Je crois que chaque être humain a l'obligation morale de dénoncer l'injustice. Il se trouve que j'ai une tribune un peu plus grande que la plupart des gens et je suis heureux de m'en servir. J'étais à Montréal, il y a un an, pour inviter les gens à prendre part au développement économique de Calgary, y travailler et y investir. Cette action du gouvernement du Québec me donne une voix encore plus importante pour dire aux Québécois que, s'ils veulent vivre et contribuer à une société inclusive, ils sont les bienvenus ici, à Calgary.

Vous transformez donc votre critique en invitation. Quelle réponse espérez-vous?

Nous accueillons des gens de partout au pays depuis des années. Calgary est la première destination pour les migrants interprovinciaux au Canada. Nous avons d'excellentes écoles publiques francophones, nous avons une communauté francophone forte. Nous serons enthousiastes si des Québécois de tous les horizons nous choisissent comme ville d'adoption.

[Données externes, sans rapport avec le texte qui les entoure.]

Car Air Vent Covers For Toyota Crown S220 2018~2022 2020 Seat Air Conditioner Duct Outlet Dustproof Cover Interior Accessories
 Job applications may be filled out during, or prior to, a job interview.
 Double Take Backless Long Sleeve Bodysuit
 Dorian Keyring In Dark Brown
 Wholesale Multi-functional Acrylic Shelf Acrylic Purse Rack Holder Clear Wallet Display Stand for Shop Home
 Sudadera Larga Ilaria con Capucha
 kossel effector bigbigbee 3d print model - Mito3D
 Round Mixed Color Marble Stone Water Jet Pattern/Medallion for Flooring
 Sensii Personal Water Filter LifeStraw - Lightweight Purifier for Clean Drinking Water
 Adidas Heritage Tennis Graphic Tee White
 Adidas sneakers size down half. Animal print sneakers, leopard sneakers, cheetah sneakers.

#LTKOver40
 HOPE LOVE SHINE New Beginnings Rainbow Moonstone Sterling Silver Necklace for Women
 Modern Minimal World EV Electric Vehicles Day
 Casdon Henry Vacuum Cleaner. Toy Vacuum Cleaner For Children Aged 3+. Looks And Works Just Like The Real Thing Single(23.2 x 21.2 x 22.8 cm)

La population de l'Alberta est en voie de dépasser les 4 millions de personnes, et l'immigration contribue beaucoup à cette croissance. Quels défis identitaires cet afflux pose-t-il à votre province et comment les autorités y répondent-elles?

Les défis de la croissance ne sont pas des débats interminables et nombrilistes sur l'identité. Nous avons toujours été une terre d'accueil pour les nouveaux arrivants, qu'ils soient des agriculteurs ukrainiens ou des immigrants philippins. Notre préoccupation de faire en sorte que tout le monde ait un logement décent et des occasions d'emploi. Nous ne nous soucions pas de notre identité. Notre identité est forte et elle est forte précisément parce qu'elle est accueillante. Venez au Stampede de Calgary et vous verrez des gens de toutes les ethnies portant un chapeau de cowboy. Vous verrez des gens qui portent des Wrangler avec un turban, et c'est très bien ainsi parce que c'est ce que nous sommes.

Ne croyez-vous pas que le Québec, une province francophone dans un continent anglophone, est justifié de se doter d'une approche différente à l'intégration des immigrants?

La charte des valeurs n'a rien à voir avec la langue. Des juifs orthodoxes parlent le français au Québec depuis que le Québec existe. Ce que vous dites est que maintenant, ces juifs orthodoxes, s'ils portent une kippa, ne peuvent plus être médecins, juges, enseignants. Ce n'est pas une question de langue, c'est une question d'intolérance. Nous n'accepterons jamais qu'un groupe, parce qu'il constitue une minorité, se donne le droit de restreindre les droits d'une minorité encore plus petite. Ce n'est pas cohérent et ça ne fait rien pour protéger qui que ce soit.